Ensor fut sans aucun doute inspiré par l’œuvre de son collègue Henry de Groux (1866-1930). Ce dernier expose trois tableaux, intitulés Waterloo. Trois rêves après la bataille, au salon annuel des XX de 1888 à Bruxelles, ainsi que Charge de cuirassiers à Waterloo, l’année suivante (in Les XX. Catalogue des dix expositions annuelles, Bruxelles, Centre international pour l’étude du XIXe siècle, 1981, p. 141 & p. 179). Les œuvres d’Henry de Groux sont marquées par une ambiance crépusculaire et apocalyptique. Les œuvres d’Ensor, quant à elles, sont dénuées de tout esprit tragique. Dans son tableau Le Remords de l’ogre corse de 1890 ou de 1891, Ensor dépeint l’empereur des Français dépité et songeur, entouré de sa garde personnelle (in X. Tricot, James Ensor. Sa vie, son œuvre. Catalogue raisonné des peintures, Bruxelles, Fonds Mercator, 2009, no. 311, p. 304, ill). Le titre du tableau annonce la couleur. Derrière lui un officier brandit un étendard brodé des noms des batailles perdues : Aboukir, Moscou, Leipzig, Dresde, Trafalgar, Bérézina. Une tête de mort, placée sur l’extrémité de la hampe jette un regard accusateur sur l’empereur. Le nom de Louis Antoine Henry de Bourbon, duc d’Enghien, figure également sur l’étendard. Royaliste et anti-bonapartiste, le duc d’Enghien fut soupçonné de conspiration contre l’empereur, arrêté en février 1804, jugé sommairement et exécuté le 21 mars 1804 dans les fosses du château de Vincennes. En 1804, alors que les complots contre sa personne se multiplient, Bonaparte décide de frapper un grand coup pour calmer les ardeurs royalistes : faire arrêter et exécuter le duc d’Enghien. Il n’y pas de doute quant au propos de James Ensor. Rongé par le remords, Napoléon, le regard mélancolique, voit en mémoire ses conquêtes et ses défaites. Quelques tristes vétérans moustachus, vêtus de pantalons rapiécés, forment sa garde personnelle. Nul doute possible, c’est bien la grandeur et décadence d’un héros déchu qu’Ensor a voulu décliner. Ensor critique sa soif de conquêtes, ainsi que sa mégalomanie. Toutefois, l’emploi des coloris vifs et la facture volontairement naïve procurent au tableau un aspect presque joyeux. La caricature atténue l’esprit dramatique de la scène. Le tableau est peint sur un panneau d’acajou biseauté, typique pour les œuvres de 1890 environ : Ecce Homo, L’homme de douleur, Les chanteurs grotesques et L’autodafé (ou Philippe II aux enfers) (cf. Tricot 330, 331, 336, 339).
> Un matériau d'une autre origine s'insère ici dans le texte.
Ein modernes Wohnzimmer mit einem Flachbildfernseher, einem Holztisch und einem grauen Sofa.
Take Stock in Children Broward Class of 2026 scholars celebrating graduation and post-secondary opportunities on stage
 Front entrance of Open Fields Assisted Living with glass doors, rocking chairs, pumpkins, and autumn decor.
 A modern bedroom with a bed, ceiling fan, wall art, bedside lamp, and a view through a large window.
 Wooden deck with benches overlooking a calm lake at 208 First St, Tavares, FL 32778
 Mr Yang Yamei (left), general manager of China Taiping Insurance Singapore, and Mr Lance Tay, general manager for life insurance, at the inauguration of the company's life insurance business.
James Ensor, Les adieux de Napoléon, 1897, etching engraving

En 1896, Ensor reprendra la figure de Napoléon dans son eau-forte, intitulée Les adieux de Napoléon [Napoleon’s Farewell], d’après un dessin de 1889 (in A. Taevernier, James Ensor. Illustrated Catalogue of his Engravings, their Critical Description and Inventary of his Plates, Gand, 1973, no. 111, pp. 272-273 (ill.) et J. N. Elesh, James Ensor. The Illustrated Bartsch 141, New York, Abaris Books, 1982, no. 114. Pour le dessin, cf. Verhaeren, p. 115. Le dessin est reproduit dans le numéro spécial de la revue française La Plume (1899), consacré à James Ensor). C’est une figure ventrue et avachie qui s’adresse pour la dernière fois à sa garde personnelle avant son départ pour l’exil.